> _What is being asked_: Copy out the records precisely, omitting pictures.

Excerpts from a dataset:
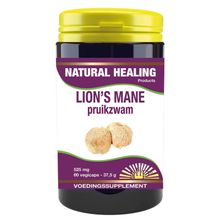 Foto van NHP Lions mane (pruikzwam)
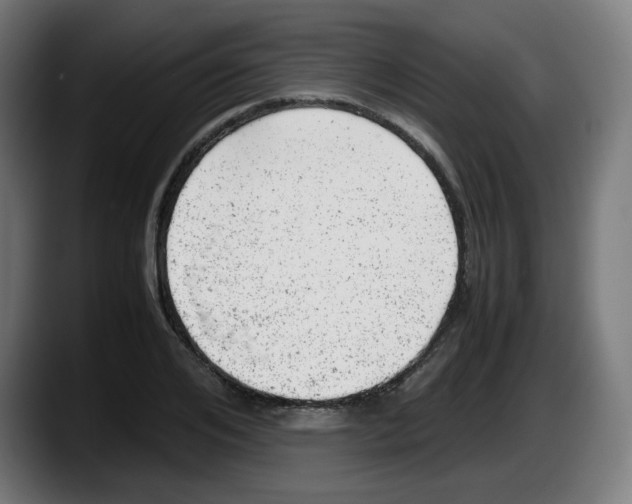 X0000087600984200705251919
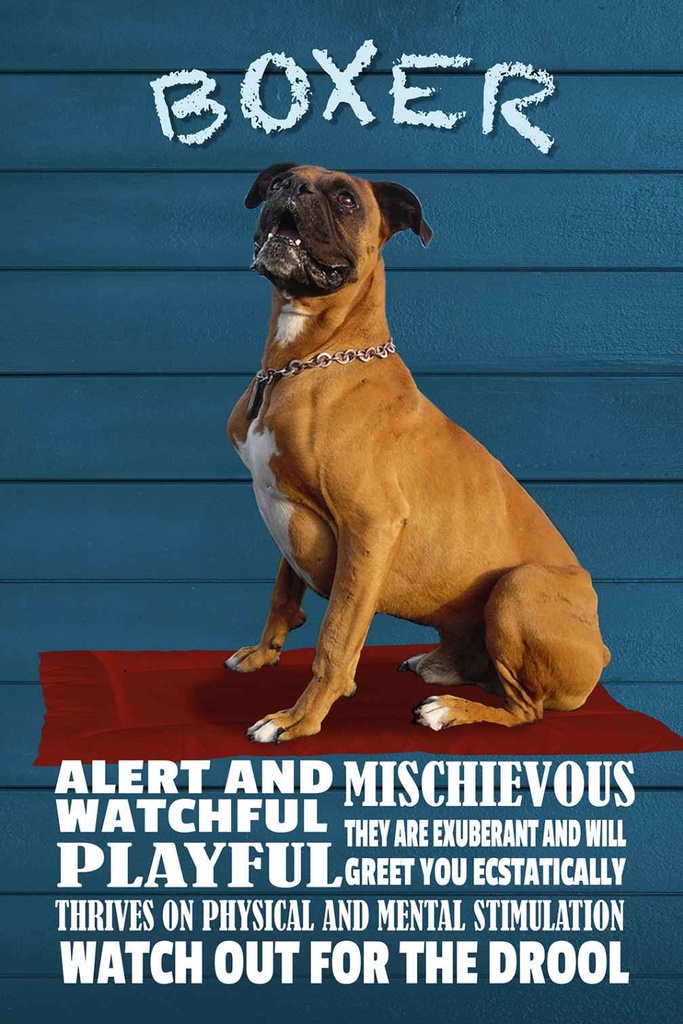 Holzschild 30x20 cm Boxer Hund watchful playful Tier Haustier
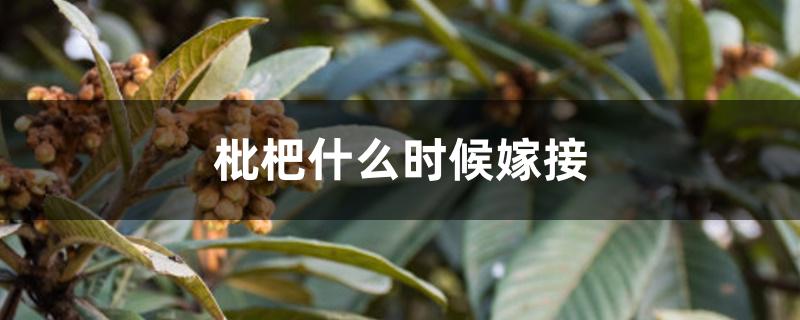 枇杷什么时候嫁接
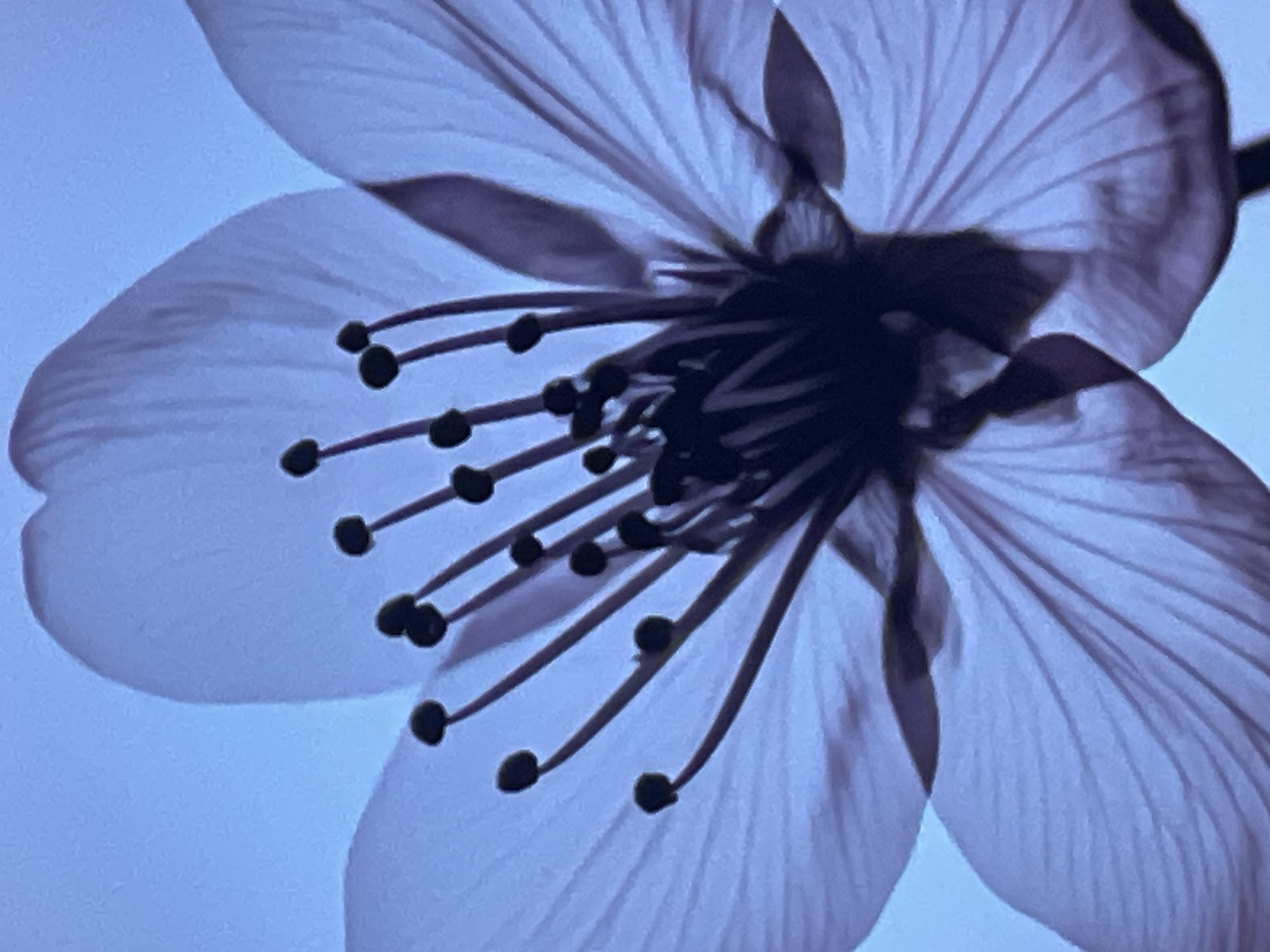 The image is a close-up, backlit photograph of a single flower, likely a cherry blossom, against a bright blue background. The flower is predominantly white with visible veins in its petals. The stamens, tipped with dark anthers, are prominently displayed in the center of the bloom. The lighting creates a translucent effect, highlighting the delicate structure of the petals and reproductive parts. There are no people, animals, or man-made objects visible in the image. The setting is a studio or controlled environment, as no natural surroundings are depicted. The image does not contain any information that would allow for its location to be identified in Denpasar, Indonesia, or anywhere else.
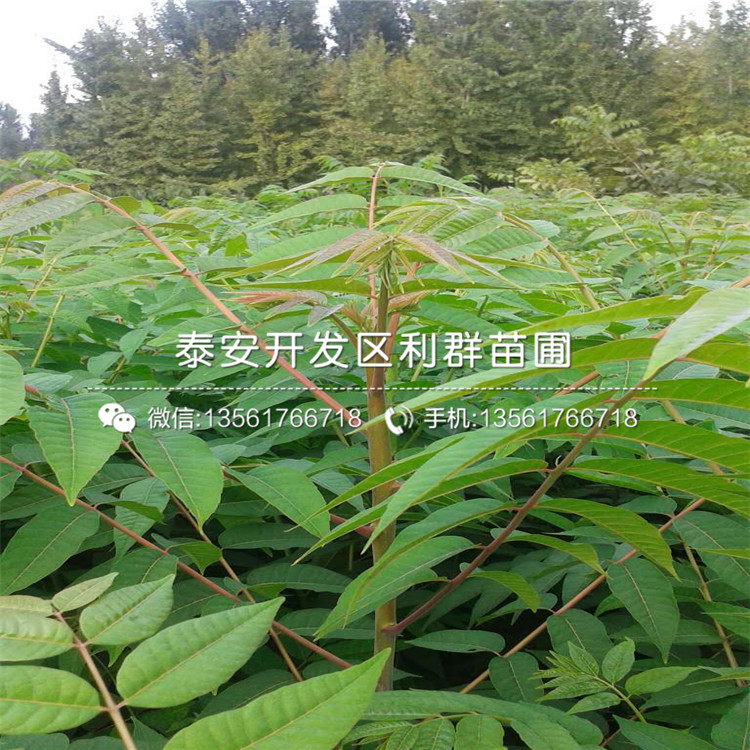 山東4公分香椿苗格是多少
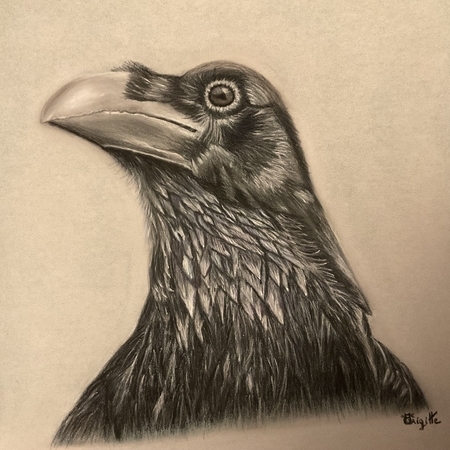 Le corbeau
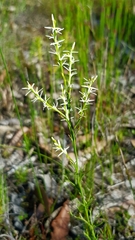 Symphionema paludosum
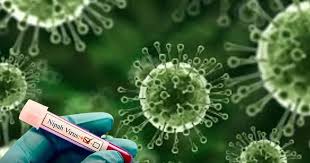 निपाह वायरस से जानलेवा संक्रमण, मृत्यु दर 40-75 फीसदी हो सकती है, अभी कोई इलाज या टीका नहीं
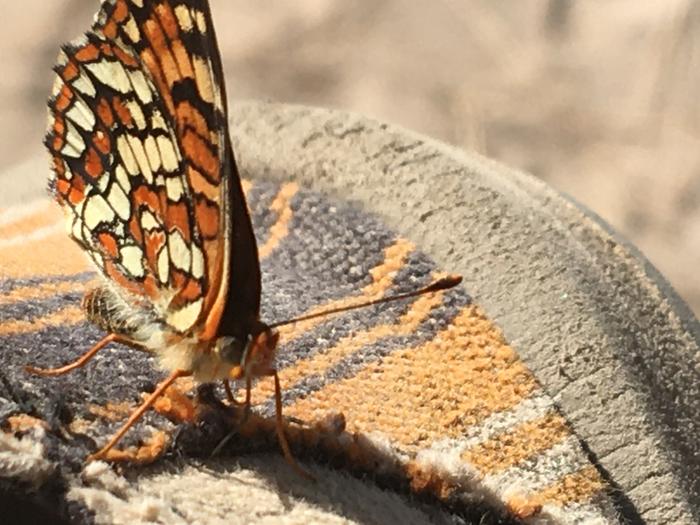 Butterfly close up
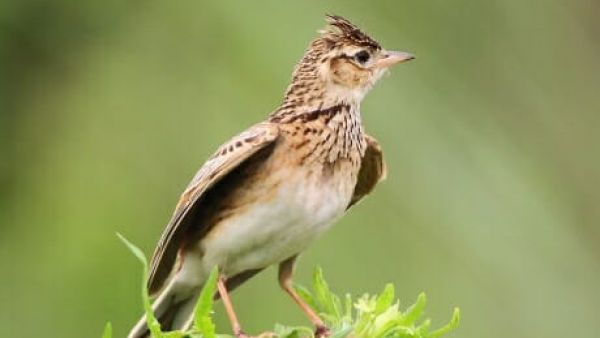 致云雀 雪莱(英)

> _Solution to the exercise_:
 Foto van NHP Lions mane (pruikzwam)
 X0000087600984200705251919
 Holzschild 30x20 cm Boxer Hund watchful playful Tier Haustier
 枇杷什么时候嫁接
 The image is a close-up, backlit photograph of a single flower, likely a cherry blossom, against a bright blue background. The flower is predominantly white with visible veins in its petals. The stamens, tipped with dark anthers, are prominently displayed in the center of the bloom. The lighting creates a translucent effect, highlighting the delicate structure of the petals and reproductive parts. There are no people, animals, or man-made objects visible in the image. The setting is a studio or controlled environment, as no natural surroundings are depicted. The image does not contain any information that would allow for its location to be identified in Denpasar, Indonesia, or anywhere else.
 山東4公分香椿苗格是多少
 Le corbeau
 Symphionema paludosum
 निपाह वायरस से जानलेवा संक्रमण, मृत्यु दर 40-75 फीसदी हो सकती है, अभी कोई इलाज या टीका नहीं
 Butterfly close up
 致云雀 雪莱(英)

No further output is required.